Jim Sciutto: James Lovell who survived one of perhaps the most harrowing missions in spaceflight history has now passed away. NASA said that Apollo 13 commander James Lovell passed away thursday at the age of 97. Back in 1970 Lovell and two other astronauts were hoping to carry out the third U.S. moon landing but an oxygen tank on their spacecraft exploded two days into the mission. Here’s how Hollywood portrayed that moment. [Audio: “Houston we’ve had a problem”]. Tom Hanks played Lovell in the movie Apollo 13. The crew was forced to abort that mission Lovell’s steady hand worked to bring them safely back to Earth. NASA posted this on social media – Lovells’s life and work inspired millions. His courage under pressure helped forge our path to the moon and beyond, a journey that continues to this day.

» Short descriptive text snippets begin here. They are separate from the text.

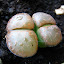 Living Stones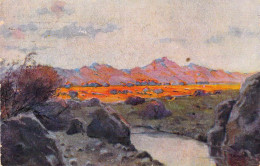 Landschaft Aus Deutsch Südwest Künstlerkarte Peter Paul Müller Gel.1918 - Ehemalige Dt. Kolonien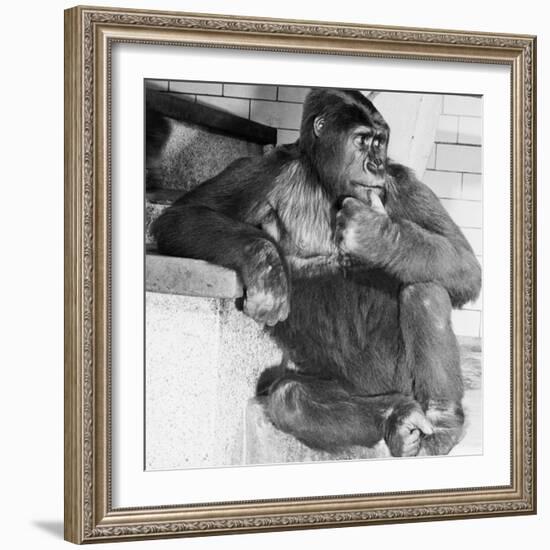 Gorilla-Sam Dunton-Framed Photographic Print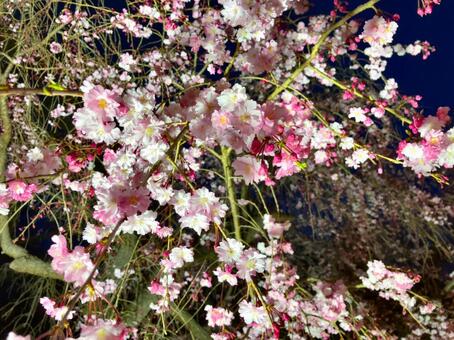 ライトアップされた枝垂桜 夜桜,夜,ライトアップの写真素材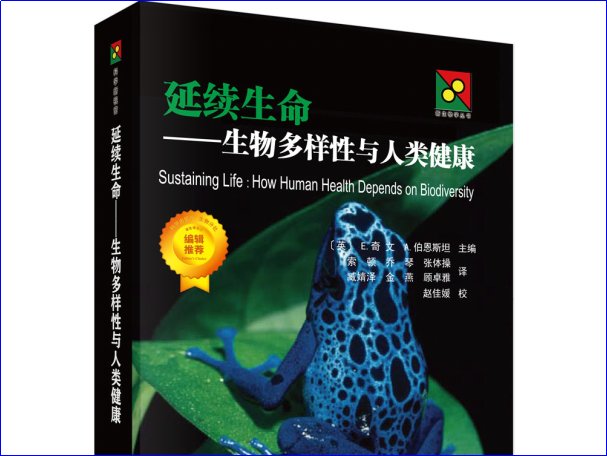 白龙王十大预言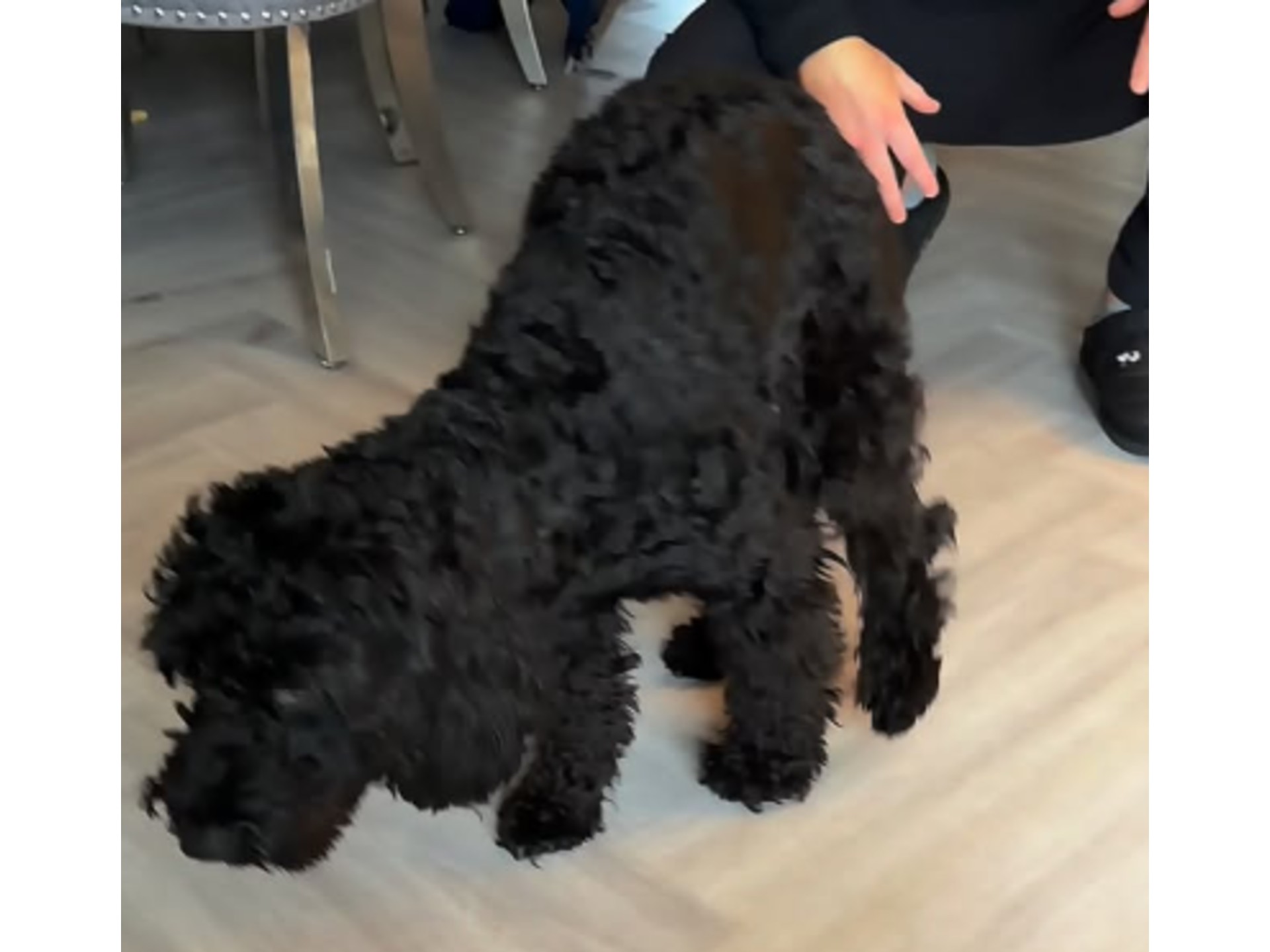 Dueños gastan cientos de dólares en el veterinario, diagnóstico de su perro los sorprende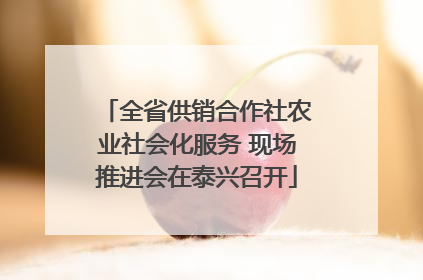 全省供销合作社农业社会化服务 现场推进会在泰兴召开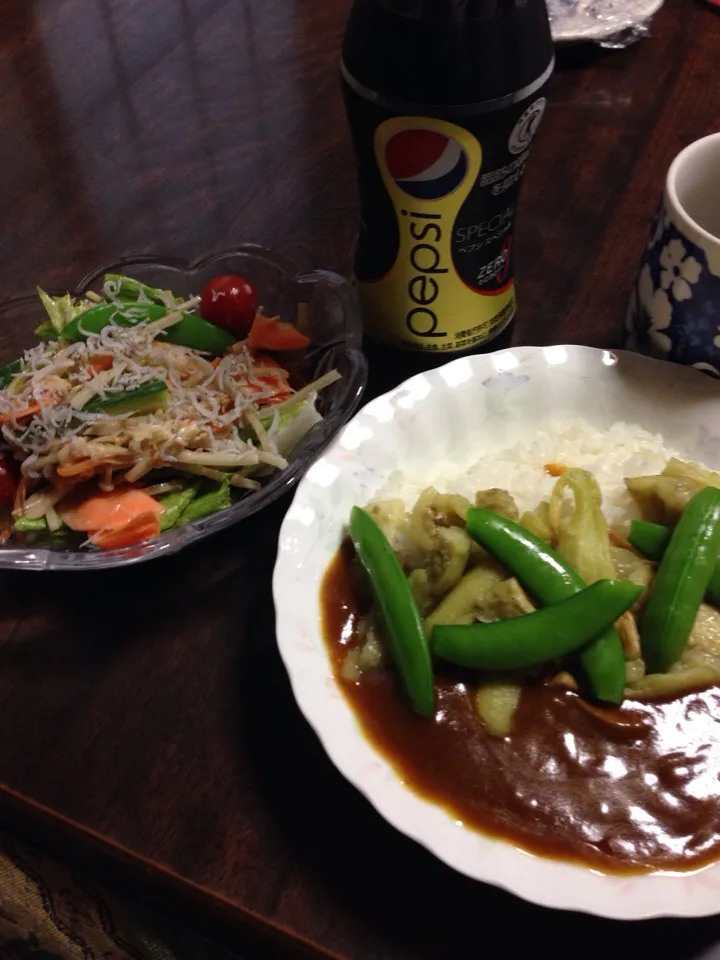 今夜の夕食はどっかのサラダ風とカレーです。|Eiji Sasakiさん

Joining me now is Keith Cowing. He is the editor at NASAWatch.com Keith, good to have you back on. As I understand it, Houston, we have a problem. Was actually a bit of the change. A change in the wording of what he said from from space in that moment. But regardless, the leadership in a moment of crisis, tens of thousands of miles away from Earth, really, there’s nothing that compares to it in NASA history, is there?

Keith Cowing: Now, you know, you hear. The phrase the “Right stuff”. And I’ve met a lot. Of astronauts. This is the coolest cat of the Right Stuff, the nicest man you ever want to meet. He never said no when NASA would call him up to do something. I can’t think of another superlative that I could use. I mean, he was just a wonderful person up until the end.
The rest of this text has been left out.